Kernel capabilities	Some high-risk kernel permissions are granted by default. These permissions can be used to perform a container escape.	Use `capabilities.drop: ["ALL"]` to remove all non-essential kernel privileges.
ServiceAccount	The ServiceAccount token is automatically mounted by default. If the permissions are too high, a leaked token can lead to the entire cluster being compromised.	Use a dedicated, low-privilege ServiceAccount, and set `automountServiceAccountToken: false` to disable automatic mounting.

Lateral movement in the cluster: After compromising a pod, an attacker can read the default mounted ServiceAccount token located at /var/run/secrets/kubernetes.io/serviceaccount/token. If this token has high privileges, such as cluster-admin, the attacker can call the Kubernetes API to enumerate secrets, ConfigMaps, and pods, access internal services, and probe the cluster network topology, ultimately leading to a full cluster takeover.

Security hardening best practices

To address the risks and attack paths mentioned, follow the principle of defense in depth. Implement the following security practices in stages throughout the build, deployment, and runtime lifecycle of your AI applications.

Phase 1: Harden the software supply chain

Control the security of images and model files at the source to prevent malicious code from entering the production environment.
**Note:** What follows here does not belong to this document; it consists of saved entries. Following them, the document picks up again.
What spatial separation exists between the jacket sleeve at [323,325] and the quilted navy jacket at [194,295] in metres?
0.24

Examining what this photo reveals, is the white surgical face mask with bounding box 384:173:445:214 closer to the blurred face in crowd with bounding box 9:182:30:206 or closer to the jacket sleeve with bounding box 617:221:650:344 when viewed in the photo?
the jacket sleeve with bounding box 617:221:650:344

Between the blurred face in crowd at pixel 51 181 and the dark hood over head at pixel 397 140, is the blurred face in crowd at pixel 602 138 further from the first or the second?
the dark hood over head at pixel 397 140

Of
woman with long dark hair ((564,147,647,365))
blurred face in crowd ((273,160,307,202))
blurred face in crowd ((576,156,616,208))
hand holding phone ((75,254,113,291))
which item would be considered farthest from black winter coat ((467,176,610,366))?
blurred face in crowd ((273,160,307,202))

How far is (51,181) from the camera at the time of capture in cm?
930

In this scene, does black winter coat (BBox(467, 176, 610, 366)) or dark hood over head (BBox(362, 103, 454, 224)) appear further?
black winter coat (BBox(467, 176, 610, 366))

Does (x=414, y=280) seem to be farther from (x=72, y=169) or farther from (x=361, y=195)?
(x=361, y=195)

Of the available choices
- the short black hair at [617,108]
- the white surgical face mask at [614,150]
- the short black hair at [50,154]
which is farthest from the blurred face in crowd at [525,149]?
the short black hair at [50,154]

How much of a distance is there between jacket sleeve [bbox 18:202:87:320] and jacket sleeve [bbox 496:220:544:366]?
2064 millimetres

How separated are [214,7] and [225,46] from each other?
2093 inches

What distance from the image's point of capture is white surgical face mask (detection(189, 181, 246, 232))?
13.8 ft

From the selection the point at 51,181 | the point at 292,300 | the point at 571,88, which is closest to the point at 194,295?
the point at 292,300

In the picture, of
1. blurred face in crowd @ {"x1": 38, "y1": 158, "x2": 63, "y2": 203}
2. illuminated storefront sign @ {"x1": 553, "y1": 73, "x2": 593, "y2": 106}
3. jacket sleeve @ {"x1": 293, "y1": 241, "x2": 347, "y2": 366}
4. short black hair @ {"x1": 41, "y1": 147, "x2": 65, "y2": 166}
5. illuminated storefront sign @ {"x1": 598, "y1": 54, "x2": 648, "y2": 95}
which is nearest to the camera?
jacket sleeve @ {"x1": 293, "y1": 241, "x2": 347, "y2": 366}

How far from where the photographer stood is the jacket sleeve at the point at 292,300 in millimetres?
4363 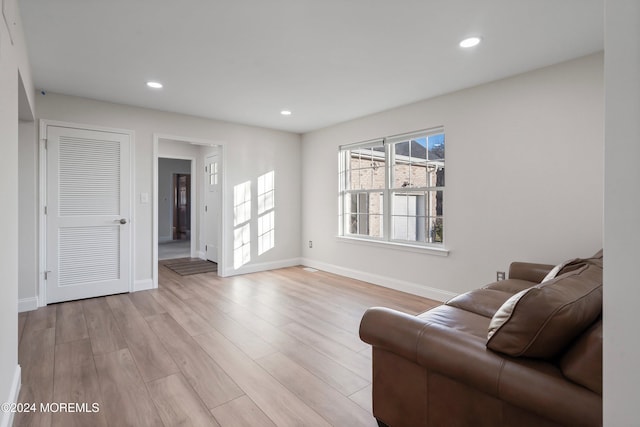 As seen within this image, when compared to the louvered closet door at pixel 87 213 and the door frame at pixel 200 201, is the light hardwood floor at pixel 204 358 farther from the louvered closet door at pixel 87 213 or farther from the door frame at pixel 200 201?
the door frame at pixel 200 201

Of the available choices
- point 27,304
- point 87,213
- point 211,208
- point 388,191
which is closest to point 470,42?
point 388,191

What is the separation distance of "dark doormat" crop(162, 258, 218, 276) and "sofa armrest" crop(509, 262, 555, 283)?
4453mm

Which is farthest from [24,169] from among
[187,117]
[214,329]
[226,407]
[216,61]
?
[226,407]

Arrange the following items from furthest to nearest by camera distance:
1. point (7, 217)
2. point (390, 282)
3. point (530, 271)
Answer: point (390, 282), point (530, 271), point (7, 217)

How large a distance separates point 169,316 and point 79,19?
2.64 m

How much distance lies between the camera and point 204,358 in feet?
7.95

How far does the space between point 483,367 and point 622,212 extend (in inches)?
29.1

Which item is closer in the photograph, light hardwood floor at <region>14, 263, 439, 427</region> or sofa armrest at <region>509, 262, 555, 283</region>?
light hardwood floor at <region>14, 263, 439, 427</region>

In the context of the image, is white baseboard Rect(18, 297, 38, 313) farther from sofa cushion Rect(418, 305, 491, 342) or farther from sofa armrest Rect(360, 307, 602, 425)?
sofa cushion Rect(418, 305, 491, 342)

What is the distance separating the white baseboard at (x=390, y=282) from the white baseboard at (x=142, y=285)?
2.55 m

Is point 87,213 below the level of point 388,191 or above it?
below

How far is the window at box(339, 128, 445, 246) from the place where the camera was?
13.1ft

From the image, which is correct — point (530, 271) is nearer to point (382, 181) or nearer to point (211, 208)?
point (382, 181)

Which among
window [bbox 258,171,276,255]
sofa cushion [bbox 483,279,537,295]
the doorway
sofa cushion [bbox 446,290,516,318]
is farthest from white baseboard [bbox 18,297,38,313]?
the doorway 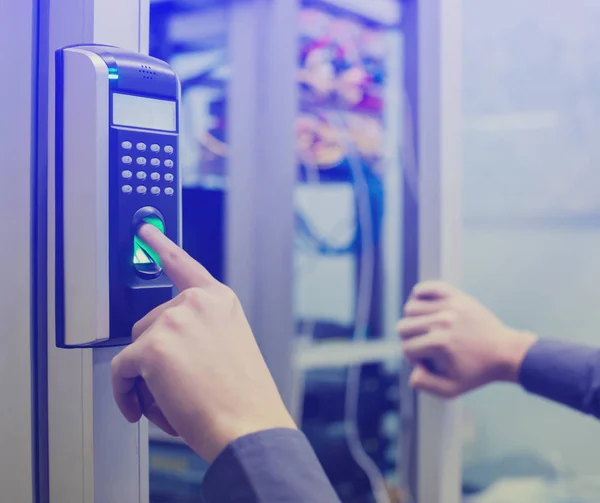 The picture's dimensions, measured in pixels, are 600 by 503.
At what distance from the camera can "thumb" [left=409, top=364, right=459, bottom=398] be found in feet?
2.54

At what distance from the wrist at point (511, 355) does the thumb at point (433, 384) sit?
0.11 meters

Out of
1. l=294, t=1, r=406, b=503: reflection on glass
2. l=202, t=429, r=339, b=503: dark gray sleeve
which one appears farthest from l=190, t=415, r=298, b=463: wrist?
l=294, t=1, r=406, b=503: reflection on glass

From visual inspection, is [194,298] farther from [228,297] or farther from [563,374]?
[563,374]

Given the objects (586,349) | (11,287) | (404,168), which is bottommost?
(586,349)

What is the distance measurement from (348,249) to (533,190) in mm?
357

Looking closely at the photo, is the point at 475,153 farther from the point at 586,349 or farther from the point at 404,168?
the point at 586,349

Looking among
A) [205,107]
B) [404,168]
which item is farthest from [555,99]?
[205,107]

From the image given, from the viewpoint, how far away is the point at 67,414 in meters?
0.41

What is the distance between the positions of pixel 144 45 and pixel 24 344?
219mm

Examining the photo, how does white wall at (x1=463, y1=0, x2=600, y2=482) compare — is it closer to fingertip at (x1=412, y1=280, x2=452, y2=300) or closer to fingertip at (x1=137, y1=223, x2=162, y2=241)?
fingertip at (x1=412, y1=280, x2=452, y2=300)

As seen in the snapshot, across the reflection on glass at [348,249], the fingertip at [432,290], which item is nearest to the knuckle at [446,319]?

Comprehensive image scanning
Integrate ACR's Container Image Security Scan into your CI/CD pipeline. This feature supports the Trivy scan engine and the Security Center scan engine. It covers system vulnerabilities, application vulnerabilities, baseline checks, and malicious samples. Configure blocking policies to ensure that published images meet baseline security requirements.
Standardize model formats and signature verification
To eliminate the risk of arbitrary code execution from model files, standardize the model delivery format and establish a trusted distribution mechanism.
- Secure model formats: In production environments, avoid using the pickle format. Instead, use formats that do not have code execution capabilities, such as safetensors and ONNX. This reduces the attack surface for deserialization exploits.
- Artifact signature verification: Digitally sign delivered artifacts and enforce signature verification during deployment to ensure end-to-end integrity.
  - For container images, use ACR's container image signing to verify image integrity from build to runtime.
  - For general AI artifacts that follow the OCI specification, such as model files, use Notation and Ratify to sign and verify OCI artifacts. This process automatically blocks any unsigned or invalidly signed artifacts, effectively preventing man-in-the-middle tampering.
Use minimal base images
Use distroless base images. These images contain only the dependencies required for the application to run. They remove non-essential components such as shells and package managers to reduce the attack surface and limit an attacker's ability to execute commands or move laterally within the container.

Phase 2: Strengthen the Kubernetes runtime

Use the principle of least privilege and strong isolation mechanisms to limit what an attacker can do after a container is compromised. This helps block container escape and lateral movement paths.

Configure the pod security context (securityContext)

ACK supports enforcing built-in Kubernetes Pod Security Standards, such as the restricted policy. Configure the securityContext in the pod definition to systematically disable high-risk capabilities and make container escapes more difficult.

Configuration item	Recommended configuration	Description
Run user	`runAsUser: 1001` `runAsNonRoot: true`	Prevents the container from running as root, reducing the risk of escape.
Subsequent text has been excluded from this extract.